Tensorflow serving solves these issues for us for the good. It has been specifically designed to server ML models by keeping version management, inference with minimum latency, isolated model code management from the other devops code etc. requirements at the top priorities.

Tensorflow serving: The introduction

TensorFlow Serving is a flexible, high-performance serving system for machine learning models, designed for production environments. TensorFlow Serving makes it easy to deploy new algorithms and experiments, while keeping the same server architecture and APIs. TensorFlow Serving provides out-of-the-box integration with TensorFlow models, but can be easily extended to serve other types of models and data. source

In this blog-post we are going to see what are the minimal things(in code) required to serve a tensorflow model with tensorflow serving and docker. Docker is a containerization platform that packages an application and all its dependencies together in the form of a docker container to ensure that the application works seamlessly in any environment. Containers are built in the form of a docker image, which is an immutable(unchangeable) file that contains source code, libraries, dependencies, tools and any other files needed to run an application. More about the docker and containerization can be read in my another blog-post here.



image_credit

Installation

We will be using tensorflow serving with docker, which is the easiest way of deploying ML models using tensorflow serving. To install docker go to this link. Then install tensorflow serving:

docker pull tensorflow/serving

Prepare a tensorflow model (Build, Train, Save)

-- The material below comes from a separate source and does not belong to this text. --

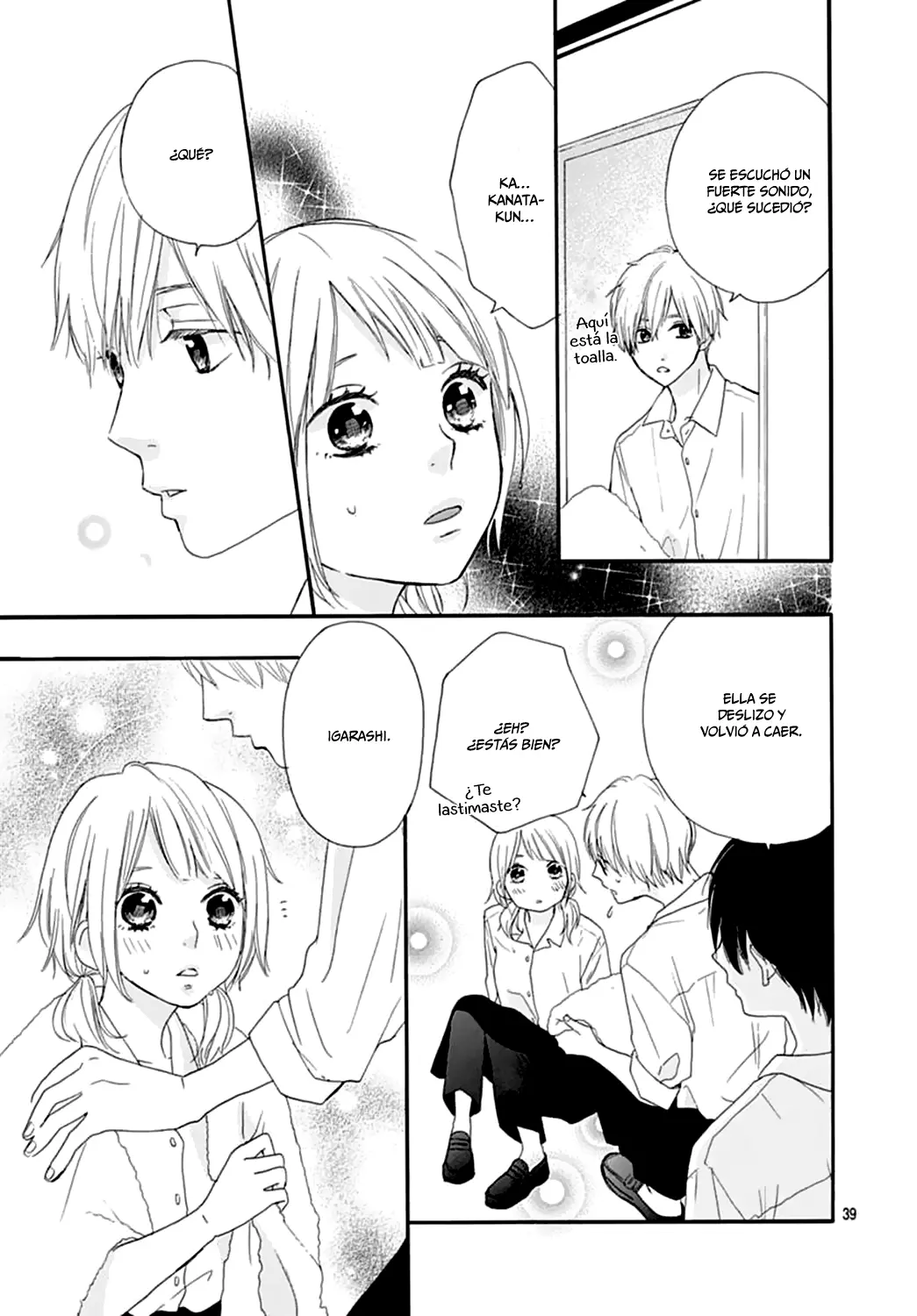 Page 44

Below we will create a simplest sentiment-classifier model of IMDB reviews. We will use tensorflow for this purpose, a pre-loaded dataset from tensorflow datasets.

pip install tensorflow==2.5.0
pip install tensorflow_datasets
import tensorflow as tf
import tensorflow_datasets as tfds
import numpy as np
import pickle
import time

#download and load dataset
imdb, info = tfds.load("imdb_reviews/subwords8k", with_info=True, as_supervised=True)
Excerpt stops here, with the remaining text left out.